■ EXERCISE PROMPT
All records below are to be transcribed exactly, with every picture left out.

-- LISTED RECORDS follows --

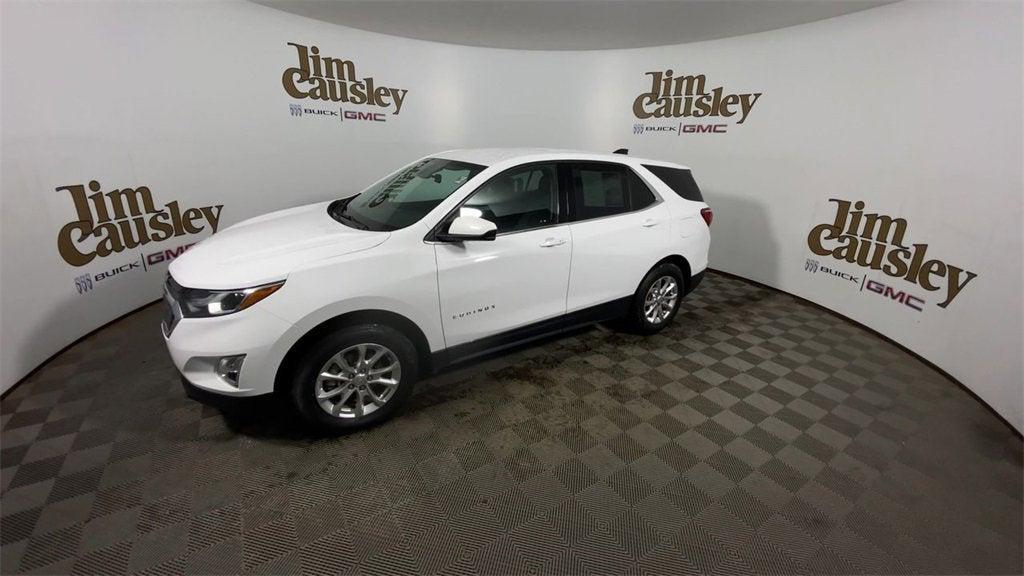 used 2020 Chevrolet Equinox car, priced at $15,895
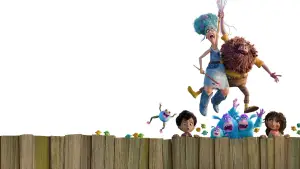 Задник до фильму"Сімейка Дурків" #582368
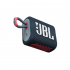 Акустична система JBL Go 3 Blue Coral (JBLGO3BLUP) - Фото 9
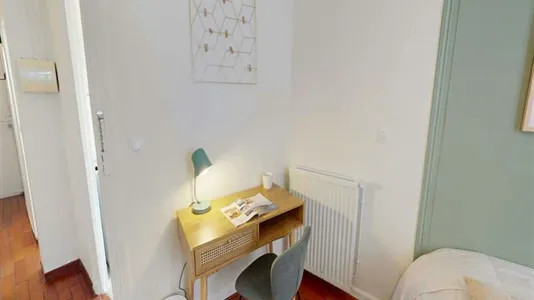 Rooms in Paris 17ème arrondissement - photo 5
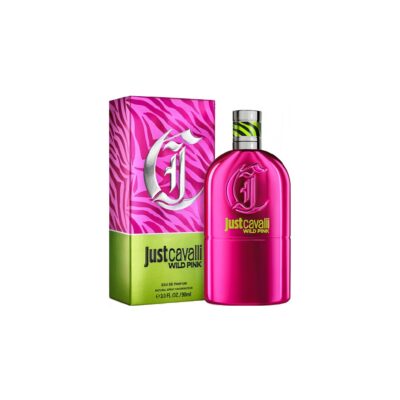 Roberto Cavalli Just Cavalli Wild Pink EDP дамски парфюм
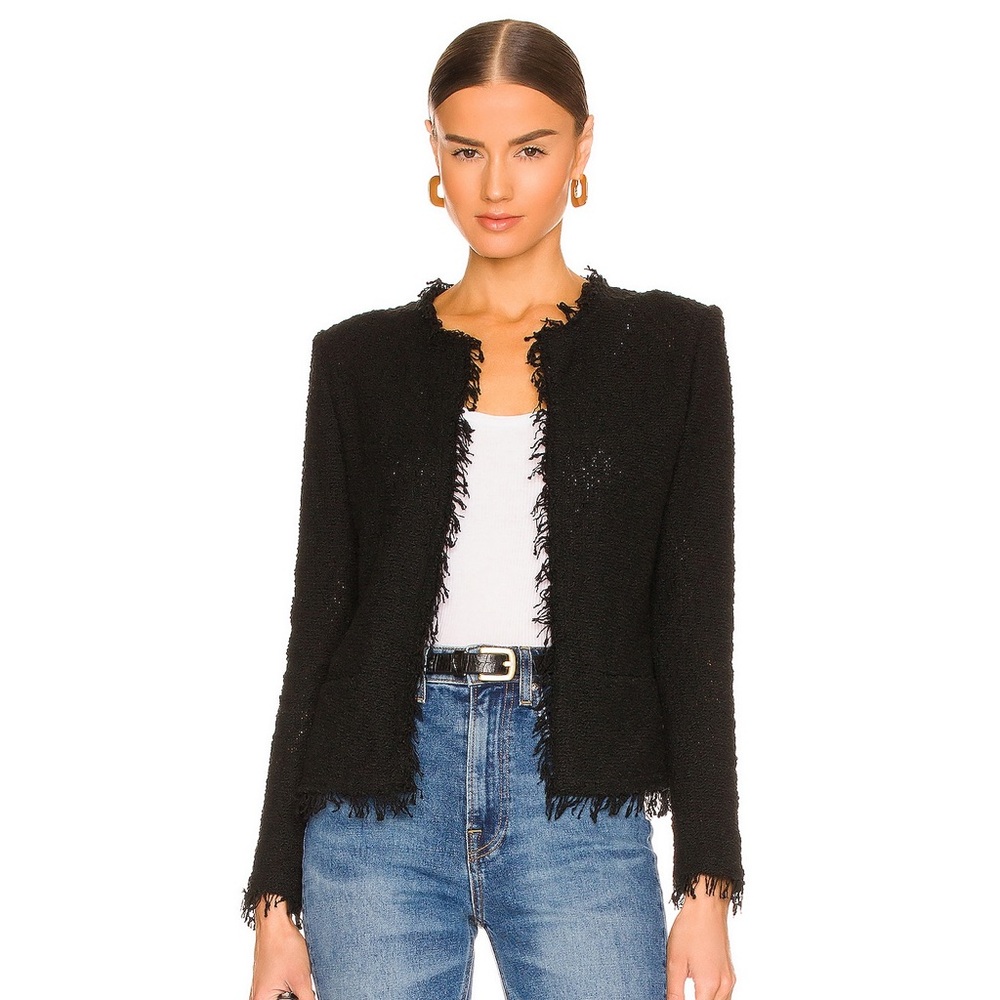 IRO | Shavani Fringe Jacket, 36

-- LISTED RECORDS concluded --

■ FINAL ANSWER
 used 2020 Chevrolet Equinox car, priced at $15,895
 Задник до фильму"Сімейка Дурків" #582368
 Акустична система JBL Go 3 Blue Coral (JBLGO3BLUP) - Фото 9
 Rooms in Paris 17ème arrondissement - photo 5
 Roberto Cavalli Just Cavalli Wild Pink EDP дамски парфюм
 IRO | Shavani Fringe Jacket, 36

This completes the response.